Zie samenvatting 88.

Zie HR Wilnisser Visser, Sneek II en Maastrichts Schakelkastje.

b) De gemeente doet een beroep op de splitsbaarheid van de verordening in een onverbindend en een verbindend gedeelte. In het arrest Sneek II acht de Hoge Raad dat mogelijk. In (onder meer) de arresten Wilnisser visser en Maastrichts schakelkastje gaat de Hoge Raad van de onsplitsbaarheid van de verordening uit. Zowel voor splitsbaarheid als voor onsplitsbaarheid valt dus iets te zeggen.

Zie HR Sneek II, Wilnisser visser en Maastrichts Schakelkastje.

c) Ja, dat is mogelijk.

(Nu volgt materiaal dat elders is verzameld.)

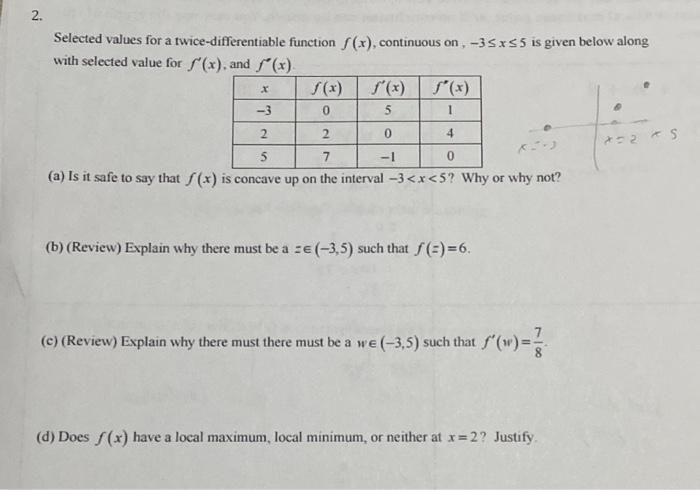 Solved Selected Values For A Twice Differentiable Function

Zie het arrest Pocketbooks II. De aard van de wetgevende functie van de overheid brengt niet met zich dat artikel 6:162 BW (1401 oud) daarop niet, of slechts beperkt, van toepassing is.

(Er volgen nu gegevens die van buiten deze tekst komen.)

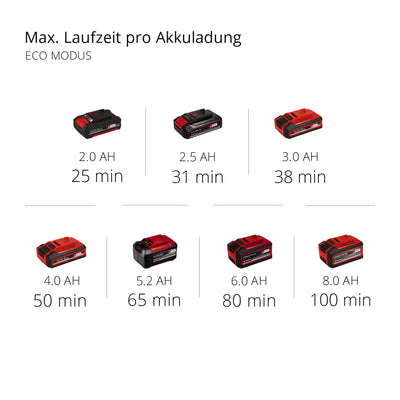 Einhell Akku-Stielstaubsauger TE-SV 18 Li-Solo Power X-Change (Li-Ion, 18V, unbegrenzte Laufzeit dank Wechselakku-System, beutellos, Zyklontechnologie, BOOST-Mode, 3-fach Filtersystem)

Zie samenvatting 119 en 121. Zie HR Pocketsbooks II.

Opgave 3

a) De constituerende functie van het staatsrecht kan in haar simpelste vorm worden omschreven als het instellen van ambten, dat wil zeggen bepalen dat er één of meer ambten zijn. Zo wordt in artikel 76 Gw de Algemene Rekenkamer genoemd. De constituerende functie omvat echter tevens de regeling van de omvang en samenstelling of inrichting van de ambten, alsook de wijze waarop de dragers van het ambt, degenen die het ambt vervullen, worden aangewezen, uit hun ambt worden ontheven of hun ambt verliezen. Voor de Algemene Rekenkamer is dit alles geregeld in artikel 77 Gw.

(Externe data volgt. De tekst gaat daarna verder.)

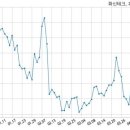 (주)화신테크이엔지
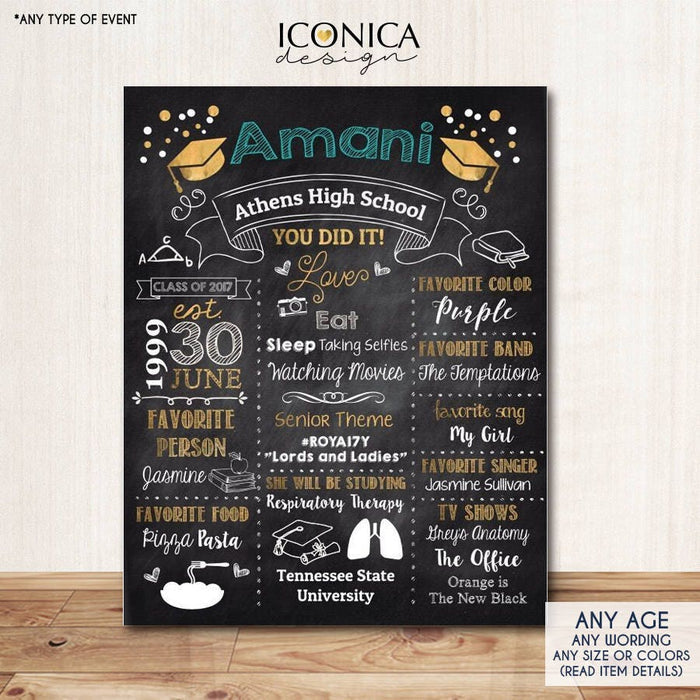 Custom Graduation Chalkboard Sign, Keepsake Poster (Printed or Printable File)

Zie art. 76 en 77 grondwet.

b) Diverse nationale bevoegdheden zijn inmiddels overgegaan op supranationale verbanden. Het belangrijkste voorbeeld hiervan is het EG-Verdrag, waardoor volgens het Hof van Justitie EG een nieuwe rechtsorde in het leven is geroepen, ‘ten bate waarvan de staten, zij het op een beperkt terrein, hun soevereiniteit hebben begrensd’. Hiermee gaat gepaard dat uit dat supranationale recht voor overheden en/of burgers rechtstreeks rechten en verplichtingen kunnen voortvloeien. Zie Van Gend en Loos of Costa/ENEL of HR-arrest Verplichte Rusttijden.

Zie samenvatting 3.

Zie HvJ Van Gend en Loos, HvJ Costa/ENEL en HR Verplichte Rusttijden.

Opgave 4

De standaardreactie van de rechter was gedurende lange tijd dat de beleidsregel geen recht of wet in de zin van art. 79 RO (vroeger art. 99), noch een extern werkend algemeen voorschrift is. Toch kon de burger wel via een omweg aanspraken aan de beleidsregel ontlenen. De rechter beoordeelde namelijk dat afwijking door het bestuur van een beleidsregel in strijd kwam met een algemeen beginsel van behoorlijk bestuur, zoals het vertrouwensbeginsel of het gelijkheidsbeginsel. In zijn arrest Leidraad administratieve boeten [ook goed Avanti-arrest] was de Hoge Raad van oordeel dat [behoorlijk bekendgemaakte] bepalingen van beleidsregels, afhankelijk van hun inhoud en strekking, wel recht in de zin van art. 79 RO kunnen zijn, maar geen extern werkende algemeen verbindende voorschriften. Hierdoor kunnen burgers zich nu dus zonder de omweg van de a.b.b.b. op beleidsregels beroepen bij de civiele rechter. [Voor het laatste halve punt wordt ook goed gerekend het noemen en uitleggen van art. 4:84 Awb].

Zie samenvatting 120.

Zie HR Leidraad administratieve boeten en HR Avanti.

Opgave 5

Ja, uit het Landbouwvliegersarrest volgt dat een ministeriële regeling – in tegenstelling tot formele wetgeving – kan worden getoetst aan algemene beginselen van behoorlijk bestuur.

Zie HR Landbouwvliegers.

Opgave 6

a) De grondslag van deze delegatie betreft art. 152 Pw. De delegatie is rechtsgeldig. In casu gaat het om het delegeren van de bevoegdheid tot het vaststellen van nadere regels, en niet om het strafbaarstellen zelf, zie art. 152 lid 3 Pw.

Zie samenvatting 76.

Zie art. 152 Provinciewet.

b) Het meest voor de hand ligt vernietiging bij KB krachtens art. 261 Pw (ook goed art. 132 lid 4 Gw; geen grondslag te vinden in de Awb). [Vernietiging is aangewezen omdat schorsing geen zin heeft; er hoeft immers niet te worden onderzocht of de (bepaling uit de) verordening onrechtmatig is, nu dit overduidelijk uit de Provinciewet voortvloeit.]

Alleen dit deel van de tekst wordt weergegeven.